When a motion for appointment of an interpreter is filed by any party or on motion of the court, in any criminal proceeding, it is determined that a person charged or a witness does not understand and speak the English language, an interpreter must be sworn to interpret for the person charged or the witness. Any person may be subpoenaed, attached or recognized in any criminal action or proceeding, to appear before the proper judge or court to act as interpreter therein, under the same rules and penalties as are provided for witnesses.
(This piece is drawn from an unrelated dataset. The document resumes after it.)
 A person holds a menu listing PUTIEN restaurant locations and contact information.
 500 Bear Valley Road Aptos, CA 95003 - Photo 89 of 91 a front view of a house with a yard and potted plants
In the event that the only available interpreter is not considered to possess adequate interpreting skills for the particular situation or the interpreter is not familiar with use of slang, the person charged or witness may be permitted by the court to nominate another person to act as intermediary between the person charged or witness and the appointed interpreter during the proceedings.

In its recent opinion in Peralta v. State, 2010 WL 4851388 (Tex.App.-El Paso 2010), the Court of Appeals of Texas, El Paso, found that the government's compliance with these two provisions rendered meritless the appellant's argument that the introduction of the translation of his Spanish language confession after that confession was played to the jury was improper. I'm not sure that I agree.

In Peralta, Daniel Peralta was charged with sexually assaulting his wife. After Peralta was arrested in connection with this crime, he gave a videotaped confession, with both the questions and answers being in Spanish. After the prosecution played the video for the jurors at trial, it introduced a transcribed English translation of the video that was accompanied by a sworn affidavit detailing the interpreter's qualifications.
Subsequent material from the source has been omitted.